Tim O'Pry, CTO at The Henssler Financial Group in Kennesaw, Ga., said that accountability is necessary and that it's reasonable to expect that people will lose their jobs if their negligence causes or contributes to a security breach.

The problem is that many times, the workers who are held responsible for breaches are only following what until then had been accepted practices within their companies, O'Pry said. And they may not have had the responsibility or authority to change the practices, he noted.

PAYING THE PRICE
AOL

WHAT HAPPENED: The company's research division bypassed required privacy reviews and posted the details of Internet searches done by more than 650,000 subscribers.

FALLOUT: AOL CTO Maureen Govern resigned last week and was replaced by her predecessor, and a researcher and a manager in the research division were fired.OHIO UNIVERSITY

WHAT HAPPENED: A series of security breaches was discovered on the school's network in April and May. One of them exposed confidential information on 137,000 people.

FALLOUT: CIO William Sams said he planned to resign, then he fired the director of communication network services and the manager of Internet and systems.

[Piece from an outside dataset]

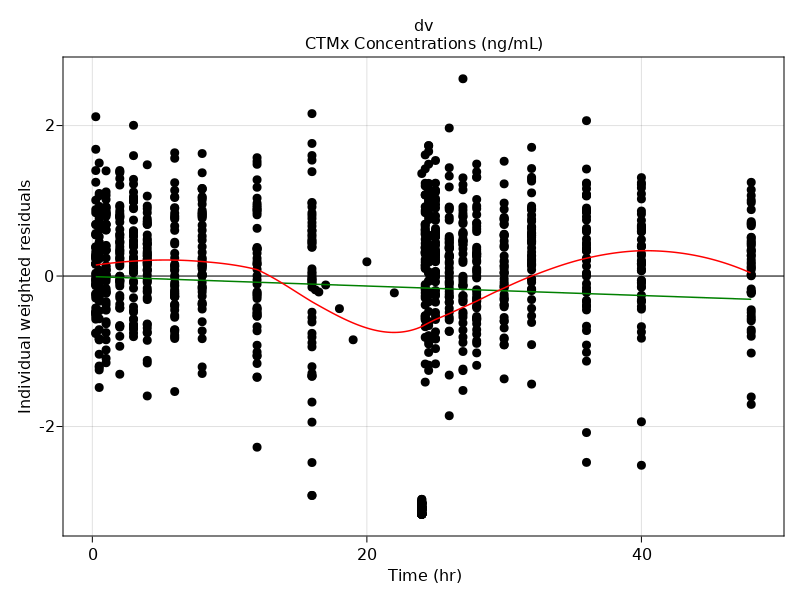 iwresiduals_vs_time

But as companies face increasing pressure to "do something" in the wake of a breach, the fallout often means demotions, firings or other personnel actions, said O'Pry. That approach is part of a wider tendency by corporate officials to deal with data security issues on a reactive basis, he added.

"This knee-jerk, after-the-fact mentality is pervasive with many aspects of security," O'Pry said.

"Somebody has to take the chop for [breaches]," said Lloyd Hession, chief security officer at BT Radianz, a New York-based company that offers telecommunications services to the financial industry. "The real question, though, is whether it's the right guys' heads that are rolling."

Forging closer ties with IT audit teams is a key to survival in the new environment, Hession advised. "If you think you have an issue, go to Audit and tell them about it," he said. If the audit group concurs that a security problem exists, it should be easier to get the resources needed to fix it, Hession added.

And if the auditors agree that there's an issue "and nobody does anything about it, you probably don't need to be falling on your sword" if a data breach does occur, he said.

Companywide outreach and communication also are critical, according to Scott.

Managers who are responsible for IT security "need to do a better job of articulating a business case [that] suggests that ignoring data security and shuffling it to the bottom of the priority list is a recipe for disaster," he said.

In addition to the incidents at AOL and Ohio University, the massive security breach disclosed by the U.S. Department of Veterans Affairs in May resulted in a shake-up that included the resignation of the agency's chief information security officer. But the CISO's departure is thought to have been driven by his frustration over organizational issues within the VA, which traditionally has split most IT and security responsibilities among its three main operating divisions.